THE PROBLEM:
Make the copy match the entries below exactly, with no pictures carried over.

======== AVAILABLE RECORDS

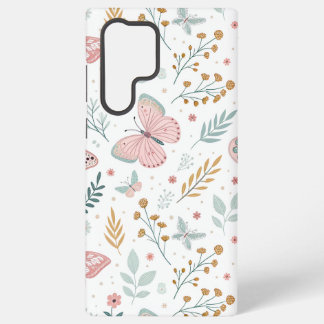 Bloemige Vlinder Pasteltuin Botanische Elegantie Samsung Galaxy Hoesje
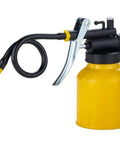 Side view of JUNCHI 8 oz hand pump oil can with long flexible spout, yellow metal body and lever.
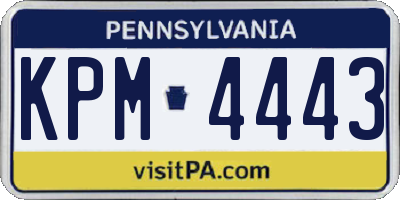 PA license plate KPM4443
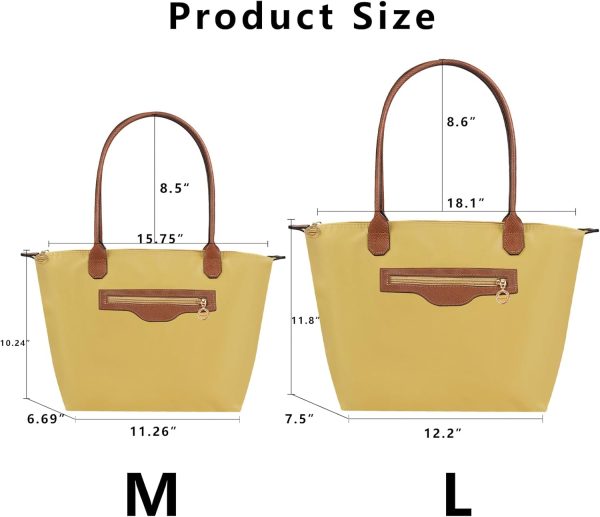 Waterproof Nylon Tote bag for Women Lightweight Designer Handbag with Zipper Stylish and Durable Purse-4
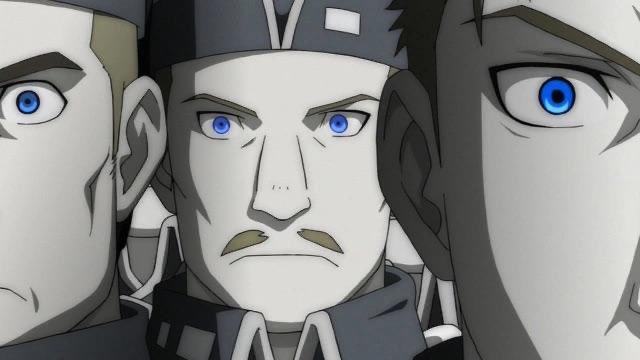 Smalty8's tweet photo. @ArmdVctr @sofiartworks Yeah dog the anime where they highlight the blue eyes of the soldiers carrying out an ethnic genocide wasn’t trying to say anything about the real world. https://t.co/JQEOiXxL0G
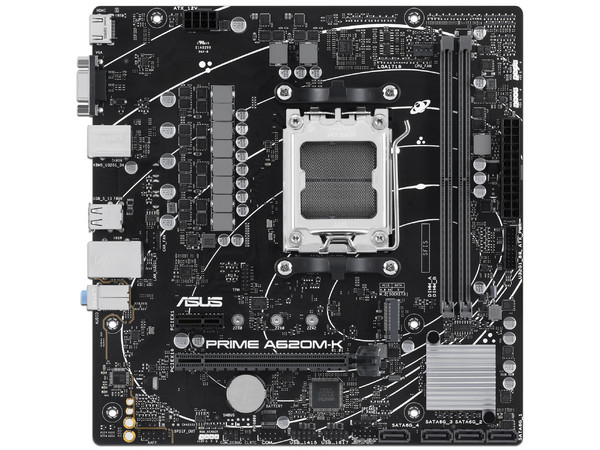 T. Madre ASUS PRIME A620M-K,
Chipset AMD A620, 
Segmento: Básico,
Soporta: Procesador AMD Ryzen 7ma y 8va Gen, Socket AM5, 
Memoria: DDR5 7600/6200/4800 MHz, 96GB Máx,
Audio HD, Red, USB 3.2, SATA 3.0, M.2,
Micro-ATX, Ptos: 1xPCIe4.0x16, 1xPCIe3.0x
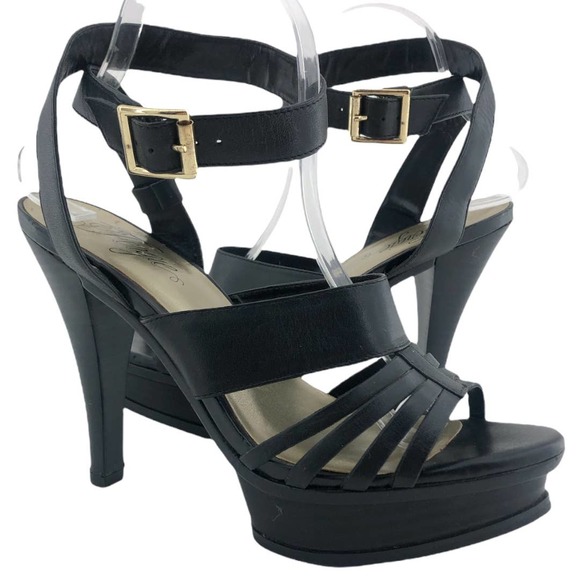 Fergie (9) M Women's Black Leather GAVIN Stripper Strappy Platform High Heels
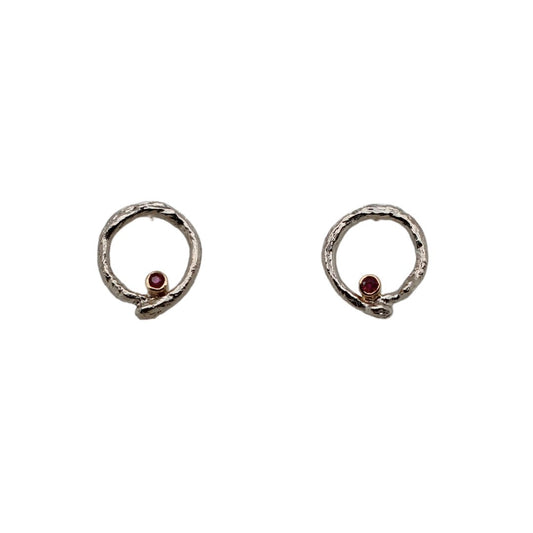 Circle of Life - Yellow & White Gold Ruby Studs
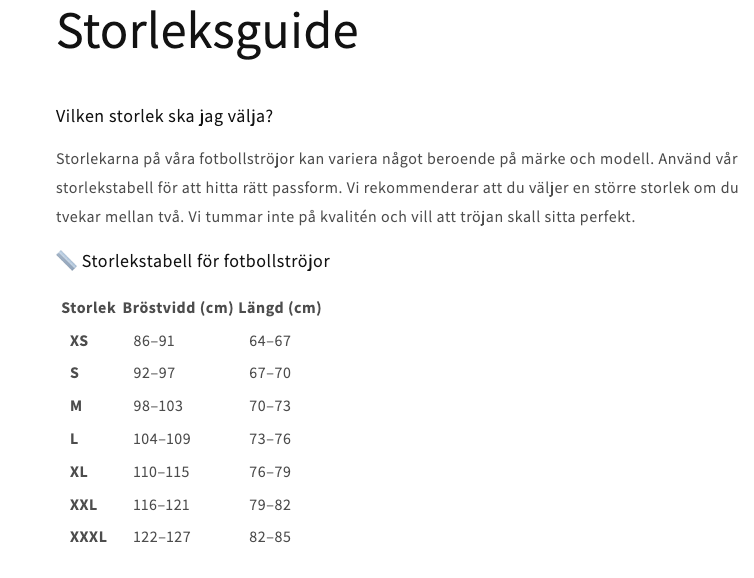 storleksguide-fotbollstrojor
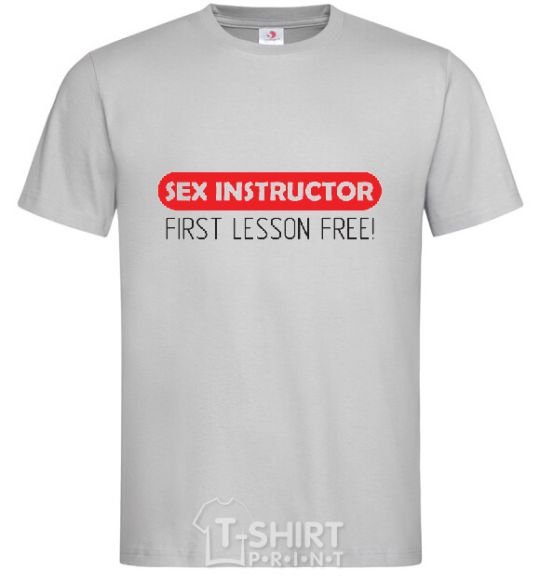 Men's T-Shirt SEX INSTRUCTOR. FREE grey фото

================

ANSWER BOX:
 Bloemige Vlinder Pasteltuin Botanische Elegantie Samsung Galaxy Hoesje
 Side view of JUNCHI 8 oz hand pump oil can with long flexible spout, yellow metal body and lever.
 PA license plate KPM4443
 Waterproof Nylon Tote bag for Women Lightweight Designer Handbag with Zipper Stylish and Durable Purse-4
 Smalty8's tweet photo. @ArmdVctr @sofiartworks Yeah dog the anime where they highlight the blue eyes of the soldiers carrying out an ethnic genocide wasn’t trying to say anything about the real world. https://t.co/JQEOiXxL0G
 T. Madre ASUS PRIME A620M-K,
Chipset AMD A620, 
Segmento: Básico,
Soporta: Procesador AMD Ryzen 7ma y 8va Gen, Socket AM5, 
Memoria: DDR5 7600/6200/4800 MHz, 96GB Máx,
Audio HD, Red, USB 3.2, SATA 3.0, M.2,
Micro-ATX, Ptos: 1xPCIe4.0x16, 1xPCIe3.0x
 Fergie (9) M Women's Black Leather GAVIN Stripper Strappy Platform High Heels
 Circle of Life - Yellow & White Gold Ruby Studs
 storleksguide-fotbollstrojor
 Men's T-Shirt SEX INSTRUCTOR. FREE grey фото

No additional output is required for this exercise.